Only days later did the DHS reveal those crucial facts to the Post. And the DHS was still defending its joint report to the Post, according to Lee, who got part of the story from Post sources. The DHS official was arguing that it had “led to a discovery,” he said. “The second is, ‘See, this is encouraging people to run indicators.’”
Original DHS False Hacking Story
The false Burlington Electric hack scare is reminiscent of an earlier story of Russian hacking of a utility for which the DHS was responsible as well. In November 2011, it reported an “intrusion” into a Springfield, Illinois water district computer that similarly turned out to be a fabrication.
Like the Burlington fiasco, the false report was preceded by a DHS claim that U.S. infrastructure systems were already under attack. In October 2011, acting DHS deputy undersecretary Greg Schaffer was quoted by The Washington Post as warning that “our adversaries” are “knocking on the doors of these systems.” And Schaffer added, “In some cases, there have been intrusions.” He did not specify when, where or by whom, and no such prior intrusions have ever been documented.

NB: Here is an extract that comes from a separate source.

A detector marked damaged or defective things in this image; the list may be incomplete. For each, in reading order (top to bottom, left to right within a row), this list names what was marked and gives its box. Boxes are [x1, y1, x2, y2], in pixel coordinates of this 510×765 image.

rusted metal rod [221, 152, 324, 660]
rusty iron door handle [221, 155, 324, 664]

On Nov. 8, 2011, a water pump belonging to the Curran-Gardner township water district near Springfield, Illinois, burned out after sputtering several times in previous months. The repair team brought in to fix it found a Russian IP address on its log from five months earlier. That IP address was actually from a cell phone call from the contractor who had set up the control system for the pump and who was vacationing in Russia with his family, so his name was in the log by the address.
Without investigating the IP address itself, the utility reported the IP address and the breakdown of the water pump to the Environmental Protection Agency, which in turn passed it on to the Illinois Statewide Terrorism and Intelligence Center, also called a fusion center composed of Illinois State Police and representatives from the FBI, DHS and other government agencies.

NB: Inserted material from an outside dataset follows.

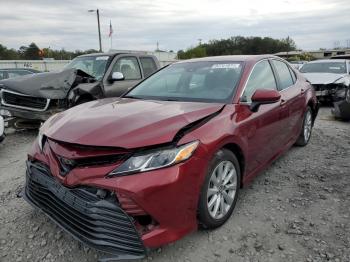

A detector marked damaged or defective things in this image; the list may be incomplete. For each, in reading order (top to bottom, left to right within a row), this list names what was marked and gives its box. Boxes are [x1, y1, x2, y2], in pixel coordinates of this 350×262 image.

damaged white car [298, 59, 350, 103]
broken headlight [108, 141, 198, 176]
damaged front bumper [23, 162, 146, 260]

On Nov. 10 – just two days after the initial report to EPA – the fusion center produced a report titled “Public Water District Cyber Intrusion” suggesting a Russian hacker had stolen the identity of someone authorized to use the computer and had hacked into the control system causing the water pump to fail.

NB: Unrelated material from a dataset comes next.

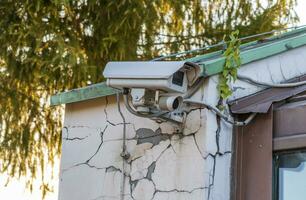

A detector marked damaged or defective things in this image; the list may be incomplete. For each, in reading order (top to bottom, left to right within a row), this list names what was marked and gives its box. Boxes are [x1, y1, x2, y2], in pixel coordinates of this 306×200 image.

The contractor whose name was on the log next to the IP address later told Wired magazine that one phone call to him would have laid the matter to rest. But the DHS, which was the lead in putting the report out, had not bothered to make even that one obvious phone call before opining that it must have been a Russian hack.
The fusion center “intelligence report,” circulated by DHS Office of Intelligence and Research, was picked up by a cyber-security blogger, who called The Washington Post and read the item to a reporter. Thus the Post published the first sensational story of a Russian hack into a U.S. infrastructure on Nov. 18, 2011.
After the real story came out, DHS disclaimed responsibility for the report, saying that it was the fusion center’s responsibility. But a Senate subcommittee investigation revealed in a report a year later that even after the initial report had been discredited, DHS had not issued any retraction or correction to the report, nor had it notified the recipients about the truth.
DHS officials responsible for the false report told Senate investigators such reports weren’t intended to be “finished intelligence,” implying that the bar for accuracy of the information didn’t have to be very high. They even claimed that report was a “success” because it had done what “what it’s supposed to do – generate interest.”
Both the Burlington and Curran-Gardner episodes underline a central reality of the political game of national security in the New Cold War era: major bureaucratic players like DHS have a huge political stake in public perceptions of a Russian threat, and whenever the opportunity arises to do so, they will exploit it.